Dataset content:

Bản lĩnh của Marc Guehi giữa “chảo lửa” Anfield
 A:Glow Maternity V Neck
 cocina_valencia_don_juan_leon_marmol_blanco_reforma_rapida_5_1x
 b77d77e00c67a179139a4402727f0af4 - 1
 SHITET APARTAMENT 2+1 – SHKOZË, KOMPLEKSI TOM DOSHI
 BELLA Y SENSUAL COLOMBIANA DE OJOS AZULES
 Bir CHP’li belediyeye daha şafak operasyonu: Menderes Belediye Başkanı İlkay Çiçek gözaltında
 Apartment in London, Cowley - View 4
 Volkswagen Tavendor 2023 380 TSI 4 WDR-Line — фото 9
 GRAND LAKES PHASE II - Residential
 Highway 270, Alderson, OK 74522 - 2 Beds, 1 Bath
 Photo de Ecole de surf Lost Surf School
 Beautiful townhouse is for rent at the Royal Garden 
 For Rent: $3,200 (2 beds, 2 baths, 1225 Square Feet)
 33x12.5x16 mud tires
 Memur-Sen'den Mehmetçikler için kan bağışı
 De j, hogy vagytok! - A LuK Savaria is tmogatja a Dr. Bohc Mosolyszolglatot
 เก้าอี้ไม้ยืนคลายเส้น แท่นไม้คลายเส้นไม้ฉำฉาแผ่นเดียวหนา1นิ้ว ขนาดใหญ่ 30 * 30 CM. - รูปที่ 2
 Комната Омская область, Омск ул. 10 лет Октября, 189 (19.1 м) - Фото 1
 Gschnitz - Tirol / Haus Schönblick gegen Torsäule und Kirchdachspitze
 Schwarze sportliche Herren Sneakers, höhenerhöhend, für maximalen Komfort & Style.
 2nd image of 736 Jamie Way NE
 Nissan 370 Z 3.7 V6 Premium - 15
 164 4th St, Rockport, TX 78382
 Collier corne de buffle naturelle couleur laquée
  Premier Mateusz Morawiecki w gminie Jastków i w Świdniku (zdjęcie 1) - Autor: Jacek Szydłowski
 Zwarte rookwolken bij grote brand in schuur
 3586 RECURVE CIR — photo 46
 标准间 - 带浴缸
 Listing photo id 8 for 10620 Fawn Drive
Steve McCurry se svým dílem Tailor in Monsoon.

Goal of the exercise:
The whole listing is to be transcribed exactly.

Answer box:
Bản lĩnh của Marc Guehi giữa “chảo lửa” Anfield
 A:Glow Maternity V Neck
 cocina_valencia_don_juan_leon_marmol_blanco_reforma_rapida_5_1x
 b77d77e00c67a179139a4402727f0af4 - 1
 SHITET APARTAMENT 2+1 – SHKOZË, KOMPLEKSI TOM DOSHI
 BELLA Y SENSUAL COLOMBIANA DE OJOS AZULES
 Bir CHP’li belediyeye daha şafak operasyonu: Menderes Belediye Başkanı İlkay Çiçek gözaltında
 Apartment in London, Cowley - View 4
 Volkswagen Tavendor 2023 380 TSI 4 WDR-Line — фото 9
 GRAND LAKES PHASE II - Residential
 Highway 270, Alderson, OK 74522 - 2 Beds, 1 Bath
 Photo de Ecole de surf Lost Surf School
 Beautiful townhouse is for rent at the Royal Garden 
 For Rent: $3,200 (2 beds, 2 baths, 1225 Square Feet)
 33x12.5x16 mud tires
 Memur-Sen'den Mehmetçikler için kan bağışı
 De j, hogy vagytok! - A LuK Savaria is tmogatja a Dr. Bohc Mosolyszolglatot
 เก้าอี้ไม้ยืนคลายเส้น แท่นไม้คลายเส้นไม้ฉำฉาแผ่นเดียวหนา1นิ้ว ขนาดใหญ่ 30 * 30 CM. - รูปที่ 2
 Комната Омская область, Омск ул. 10 лет Октября, 189 (19.1 м) - Фото 1
 Gschnitz - Tirol / Haus Schönblick gegen Torsäule und Kirchdachspitze
 Schwarze sportliche Herren Sneakers, höhenerhöhend, für maximalen Komfort & Style.
 2nd image of 736 Jamie Way NE
 Nissan 370 Z 3.7 V6 Premium - 15
 164 4th St, Rockport, TX 78382
 Collier corne de buffle naturelle couleur laquée
  Premier Mateusz Morawiecki w gminie Jastków i w Świdniku (zdjęcie 1) - Autor: Jacek Szydłowski
 Zwarte rookwolken bij grote brand in schuur
 3586 RECURVE CIR — photo 46
 标准间 - 带浴缸
 Listing photo id 8 for 10620 Fawn Drive
Steve McCurry se svým dílem Tailor in Monsoon.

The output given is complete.